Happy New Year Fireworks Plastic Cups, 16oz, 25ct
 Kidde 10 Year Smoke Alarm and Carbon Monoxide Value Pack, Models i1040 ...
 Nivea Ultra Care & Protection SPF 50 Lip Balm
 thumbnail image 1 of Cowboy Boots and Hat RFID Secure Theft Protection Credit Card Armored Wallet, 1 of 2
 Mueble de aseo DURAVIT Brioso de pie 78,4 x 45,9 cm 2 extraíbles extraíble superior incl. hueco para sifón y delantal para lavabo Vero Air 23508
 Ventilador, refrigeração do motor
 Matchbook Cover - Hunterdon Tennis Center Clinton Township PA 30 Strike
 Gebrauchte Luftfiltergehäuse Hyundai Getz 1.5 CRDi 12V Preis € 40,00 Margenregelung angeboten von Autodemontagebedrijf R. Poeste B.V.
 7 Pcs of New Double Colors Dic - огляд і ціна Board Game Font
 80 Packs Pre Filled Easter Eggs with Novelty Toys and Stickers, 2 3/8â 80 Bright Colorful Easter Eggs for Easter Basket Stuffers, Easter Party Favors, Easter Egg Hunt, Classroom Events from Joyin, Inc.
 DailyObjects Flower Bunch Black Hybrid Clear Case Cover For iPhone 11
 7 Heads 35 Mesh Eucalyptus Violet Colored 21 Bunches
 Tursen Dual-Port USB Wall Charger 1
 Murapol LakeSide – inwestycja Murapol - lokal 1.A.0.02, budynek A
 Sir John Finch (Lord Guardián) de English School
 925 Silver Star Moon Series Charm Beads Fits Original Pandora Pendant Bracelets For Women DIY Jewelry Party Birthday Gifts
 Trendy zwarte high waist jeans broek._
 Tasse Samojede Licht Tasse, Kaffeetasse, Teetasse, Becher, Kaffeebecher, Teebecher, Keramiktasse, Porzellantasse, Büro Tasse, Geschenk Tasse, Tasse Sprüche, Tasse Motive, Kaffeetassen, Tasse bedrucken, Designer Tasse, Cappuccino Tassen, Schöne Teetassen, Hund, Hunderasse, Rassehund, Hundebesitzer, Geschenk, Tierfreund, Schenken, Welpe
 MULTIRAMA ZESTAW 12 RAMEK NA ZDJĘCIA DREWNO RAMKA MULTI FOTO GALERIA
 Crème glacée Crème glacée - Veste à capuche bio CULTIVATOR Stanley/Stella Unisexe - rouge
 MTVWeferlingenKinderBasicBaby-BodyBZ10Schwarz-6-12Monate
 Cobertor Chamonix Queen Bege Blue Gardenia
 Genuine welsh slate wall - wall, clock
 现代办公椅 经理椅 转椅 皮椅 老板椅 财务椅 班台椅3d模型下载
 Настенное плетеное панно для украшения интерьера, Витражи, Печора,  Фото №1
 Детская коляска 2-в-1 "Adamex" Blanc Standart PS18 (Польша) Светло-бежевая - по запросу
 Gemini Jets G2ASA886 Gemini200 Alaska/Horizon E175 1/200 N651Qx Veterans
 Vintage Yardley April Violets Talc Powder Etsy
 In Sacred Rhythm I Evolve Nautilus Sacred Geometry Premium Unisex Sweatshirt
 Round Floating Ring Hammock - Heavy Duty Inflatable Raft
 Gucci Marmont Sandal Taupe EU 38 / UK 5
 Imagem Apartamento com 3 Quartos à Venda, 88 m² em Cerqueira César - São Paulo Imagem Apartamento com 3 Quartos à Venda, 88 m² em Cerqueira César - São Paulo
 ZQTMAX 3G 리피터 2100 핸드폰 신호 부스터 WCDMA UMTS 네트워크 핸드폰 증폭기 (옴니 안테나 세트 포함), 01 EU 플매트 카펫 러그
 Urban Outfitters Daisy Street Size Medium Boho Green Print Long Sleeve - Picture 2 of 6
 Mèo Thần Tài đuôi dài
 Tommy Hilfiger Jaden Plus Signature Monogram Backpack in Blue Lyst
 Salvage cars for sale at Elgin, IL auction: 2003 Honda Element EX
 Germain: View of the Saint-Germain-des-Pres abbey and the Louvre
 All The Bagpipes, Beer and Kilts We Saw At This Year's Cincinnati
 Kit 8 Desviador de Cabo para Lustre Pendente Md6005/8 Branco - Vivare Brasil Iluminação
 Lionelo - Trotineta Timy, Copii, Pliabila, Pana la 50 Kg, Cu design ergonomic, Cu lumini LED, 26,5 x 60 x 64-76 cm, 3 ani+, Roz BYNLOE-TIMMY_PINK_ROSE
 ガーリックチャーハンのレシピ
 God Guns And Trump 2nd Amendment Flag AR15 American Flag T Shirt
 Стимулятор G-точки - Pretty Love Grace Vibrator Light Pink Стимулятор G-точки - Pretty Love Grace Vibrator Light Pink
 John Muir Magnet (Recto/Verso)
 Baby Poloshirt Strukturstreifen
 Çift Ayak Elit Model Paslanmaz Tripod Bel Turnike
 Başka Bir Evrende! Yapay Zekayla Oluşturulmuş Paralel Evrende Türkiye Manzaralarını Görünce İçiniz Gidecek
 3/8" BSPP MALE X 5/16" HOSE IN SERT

**YOUR TASK:**
Start at the first line of the material and transcribe each line exactly, stopping once the line containing "Matchbook Cover - Hunterdon" has been written.

**TASK OUTPUT:**
Happy New Year Fireworks Plastic Cups, 16oz, 25ct
 Kidde 10 Year Smoke Alarm and Carbon Monoxide Value Pack, Models i1040 ...
 Nivea Ultra Care & Protection SPF 50 Lip Balm
 thumbnail image 1 of Cowboy Boots and Hat RFID Secure Theft Protection Credit Card Armored Wallet, 1 of 2
 Mueble de aseo DURAVIT Brioso de pie 78,4 x 45,9 cm 2 extraíbles extraíble superior incl. hueco para sifón y delantal para lavabo Vero Air 23508
 Ventilador, refrigeração do motor
 Matchbook Cover - Hunterdon Tennis Center Clinton Township PA 30 Strike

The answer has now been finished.